どこも偽装理由は意図的でないと言っているわけだが、プロの料理人が食材を見て見分けられないということは信じがたいから、知っていながら偽装表示を正さなかったというのが真実ではないかと私は思っている。そもそも飲食業や食品製造業などでは必ずしも正確な品名を書かないことはむかしからあったものと思われる。ひとの味覚はいい加減なもので微妙な味の違いを判別したりするのは難しく、出来るひとはなかなかいないと思われる。何年か前に食品ブランドの偽装問題が話題になったことがあるが、味や食感でこれがどこのなんという種類の食材か見分けることが難しいことは証明済みである。

食材の種類が少し違っていてもうまければ良いはずだが、料理が出来合いのありきたりと変わらないへんてつもない名前では、その店の料理がうまそうだと有難がたって高い金を払ってまで食いに来るひとはいまほど多く期待できなかったと思われる。そこで料理の有り難みを増しひとをひきつける手段として、イメージで操作できる味覚で店の差別化を図ろうとメニューをおいしそうに書く方法を選んだわけである。このメニューはこの店のこういう料理のブランド名であるというのが、メニュー偽装の実際であると思われる。メニュー偽装は食材の真偽の問題ではなく、店の料理のうまさをアッピールするために店と対になった料理としての固有名詞的命名だったというのが、私の理解である。あそこのホテルのあの名の料理という意味合いなのである。そしてその料理のうまさに自信があれば、メニュー表記が可怪しかったと言われても謝罪したり返金するほどのことではないと私は思っている。

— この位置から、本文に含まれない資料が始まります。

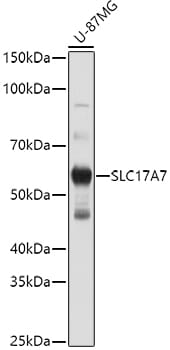 Western blot analysis of extracts of SH-SY5Y cells, using Anti-SLC17A7 Antibody (A12879) at 1:3000 dilution.
Secondary antibody: Goat Anti-Rabbit IgG (H+L) (HRP) (AS014) at 1:10,000 dilution.
Lysates / proteins: 25µg per lane.
Blocking buffer: 3% non-fat dry milk in TBST.
Detection: ECL Basic Kit (RM00020).
Exposure time: 30s.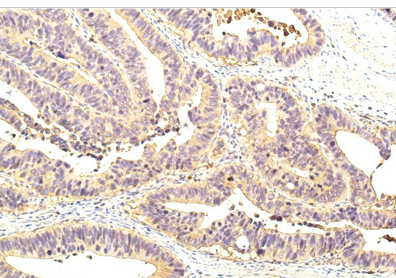 STAT1 Mouse Monoclonal Antibody(8H11)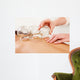 Fire Cupping Removal Glass Wall Decal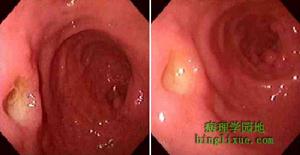 十二指腸胃反流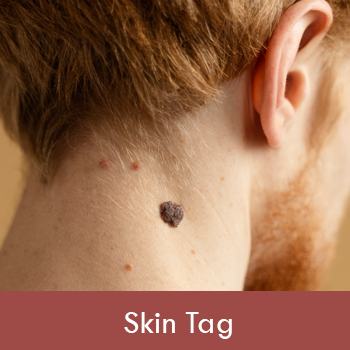 Skin Tag Removal Dubai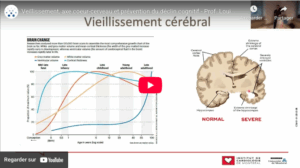 Read more about the article Tackling the Heart-Brain Axis: Aetiologies, Prevention and Lifestyle Interventions for Neurocognitive Deficits in Cardiovascular Diseases – Prof. Louis Bherer – Université de Montréal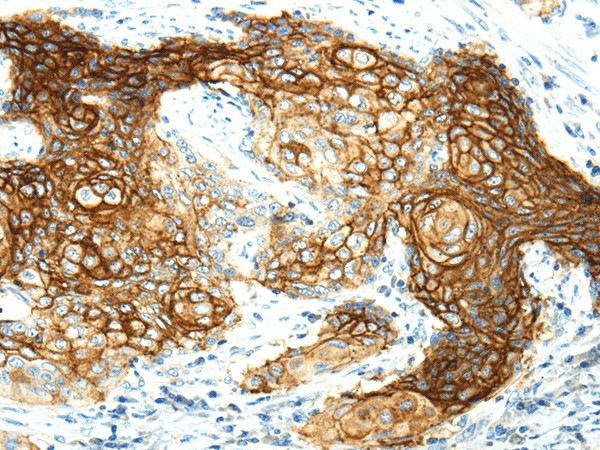 AQP3 Polyclonal Antibody (E-AB-17294)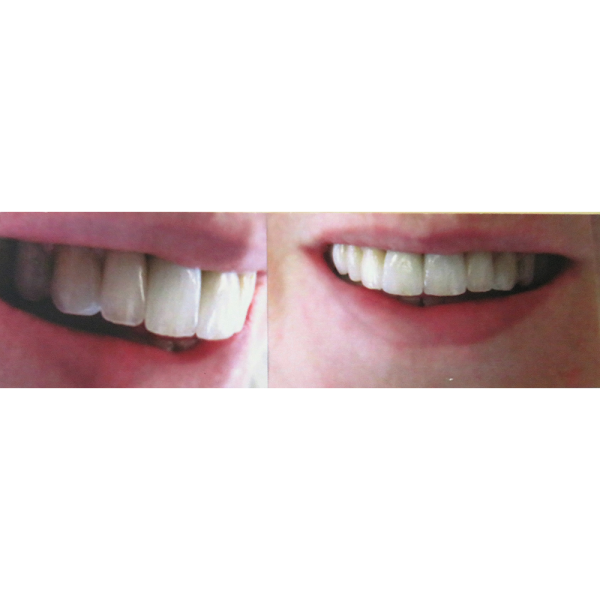 Foto 3 de Vania Biglia - Dentista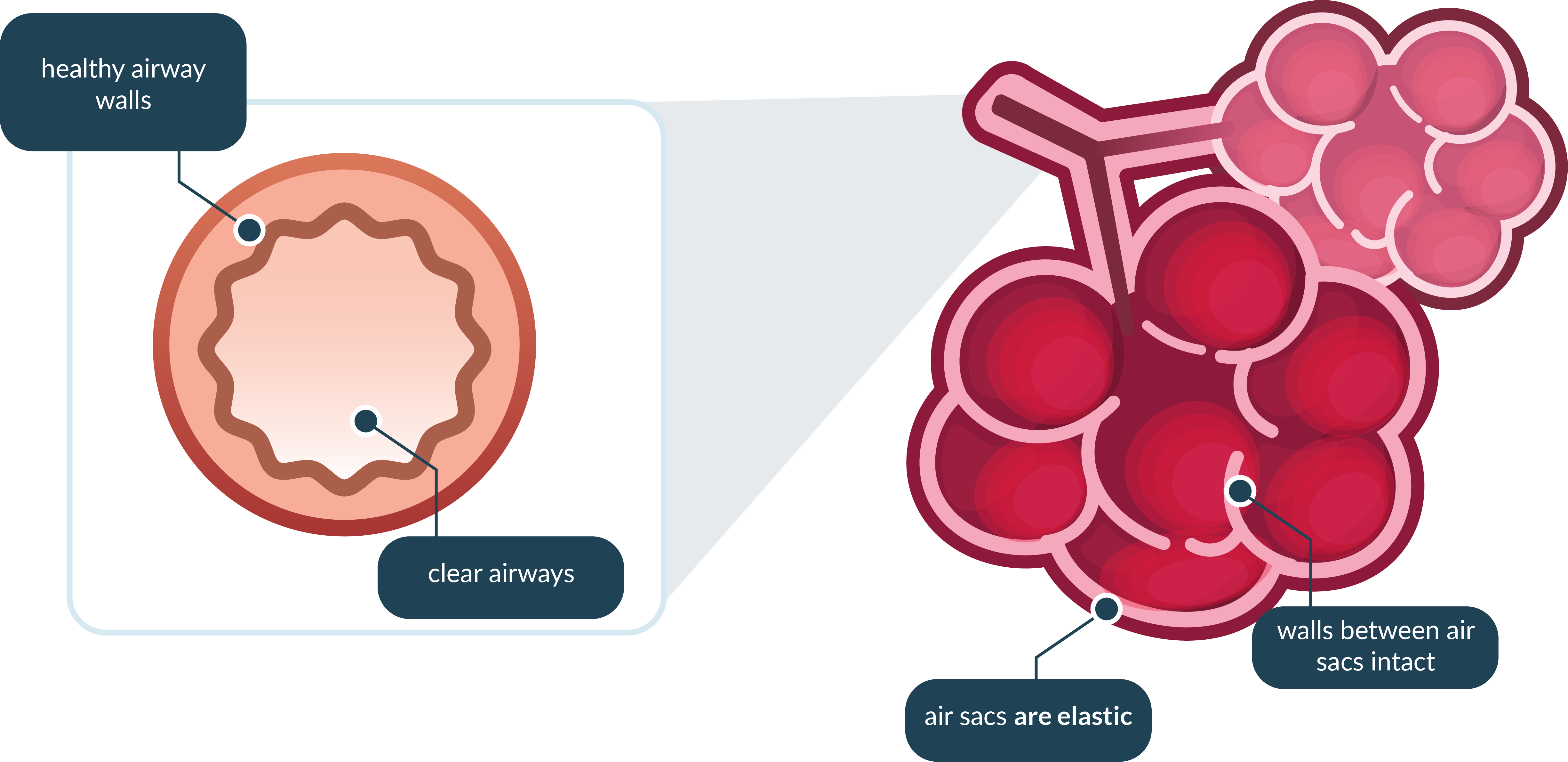 healthy_airway_img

ネットで見たどこかの記事によれば、例えば葛餅やわらび餅として売られているもので本物の葛やわらび粉を使っているものはほとんどないそうだし、片栗粉だって実際に片栗の根から作っていたのはおおむかしのはなしでいまはジャガイモのデンプンだそうである。こういうことは暗黙の了解としてむかしからあったということである。他にもシシャモという名で売られているが本当はシシャモでないとかいろいろ食品名でも似た例はあるようである。そういうことを踏まえれば、なにがどこから偽装かということについては議論の余地があるということになる。食材と違い料理名については厳密で正確な表示が絶対的に必要なのかどうかということである。表示規制についてのはなしもあるようだが、本当はなぜメニューの食材を正しく書かなかったのか、その意味合いをもう少し深く分析し実態調査を行ってから規制しないと、料理は差別化のための店名を冠したへんてつもない名前しか付けられなくなるかもしれない。

補足: ネコという名のイヌ
2013.12.01
遠藤周作のだったと思うが、ネコという名のイヌ(あるいはその反対かも知れないが)という題のエッセイを読んだ記憶がある。イヌのはなしだとすれば、自分の家のイヌをネコという名で呼ぶわけである。小さなエビにシバエビという名を付けて、店でシバエビと呼ぶのもそれに似たような感じがしないでもない。エッセイと違ってユーモアとは言い難い感はあるが、自分の店の料理の食材の名前を自分なりに付けた名前で呼ぶのもあり得ると思うわけのひとつである。